The other thing is that At Home is seeing a spike in margins this year due to soaring revenue, but current estimates are for much weaker profitability next year.
EBIT margins plummeted last year as At Home worked to clear dead inventory, which it did, but at great cost to profitability. This year is seeing a reflation of margins to the low-double digits, while next year – curiously – is slated to see a meaningful decline in EBIT margins. If comparable sales are going to be roughly equal to this year, why would margins tank in 2021? I don’t see any reason for that, and I think these expectations are overly bearish. That creates upside potential should At Home figure out a way to produce 10%+ EBIT margins next year.
A bit of caution, but still bullish
One thing At Home hasn’t done so well in the past is finance itself, which has led to a lot of debt. The downstream impact of that is lots of interest expense, which we can see below in relation to EBIT.
At Home’s EBIT is slated to be $165 million this year, which is double what it was last year, making the $30 million or so it will spend to service its debt relatively less expensive. Still, next year’s EBIT expectation of $145 million means At Home will still spend ~20% of its operating income servicing debt. That’s a huge amount for any company, and investors should not ignore this problem. Keep in mind it becomes exacerbated the lower EBIT goes as the percentage interest expense consumes rises. At Home will almost certainly continue to increase its debt to fund store openings in the future, so this problem likely isn’t going anywhere. This doesn’t derail the bull case, but it is something to keep in mind.
At Home’s EPS, as you might imagine, has been somewhat volatile.
Rapid EPS growth saw the share price soar in recent years, but similarly-quick declines last year pushed the stock much lower. EPS is slated to be much lower next year than this year, but for the reasons I outlined above, I think next year’s EPS number is a bit low at this point.

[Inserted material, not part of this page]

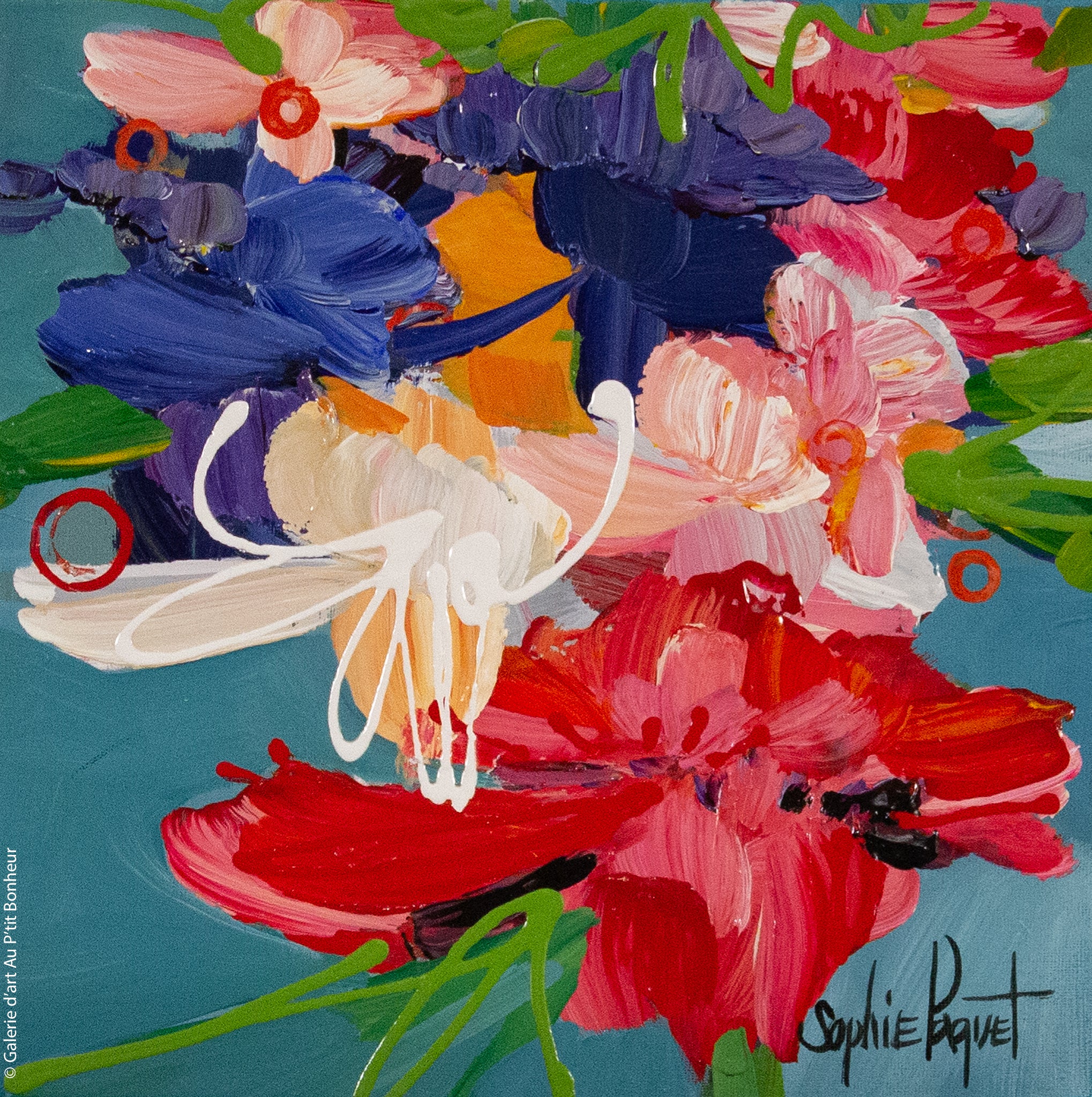 Sophie Paquet | Find a Way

Even if we take the current estimate at face value, shares trade for just ~11 times next year’s earnings. Next year may be a bit of a reset of expectations given this year has been gangbusters due to a pandemic, but long term, At Home’s model is intact and should continue to thrive.
The stock also has short interest of about 20%, meaning there are a lot of people betting against the stock. That can make it more volatile, so another factor to keep in mind.
Still, given all of this, I’m bullish long term on At Home for its upside potential on next year’s estimates, its cheap valuation, and its model that has proven resilient in a very challenging environment.
Disclosure: I/we have no positions in any stocks mentioned, but may initiate a long position in HOME over the next 72 hours. I wrote this article myself, and it expresses my own opinions. I am not receiving compensation for it (other than from Seeking Alpha). I have no business relationship with any company whose stock is mentioned in this article.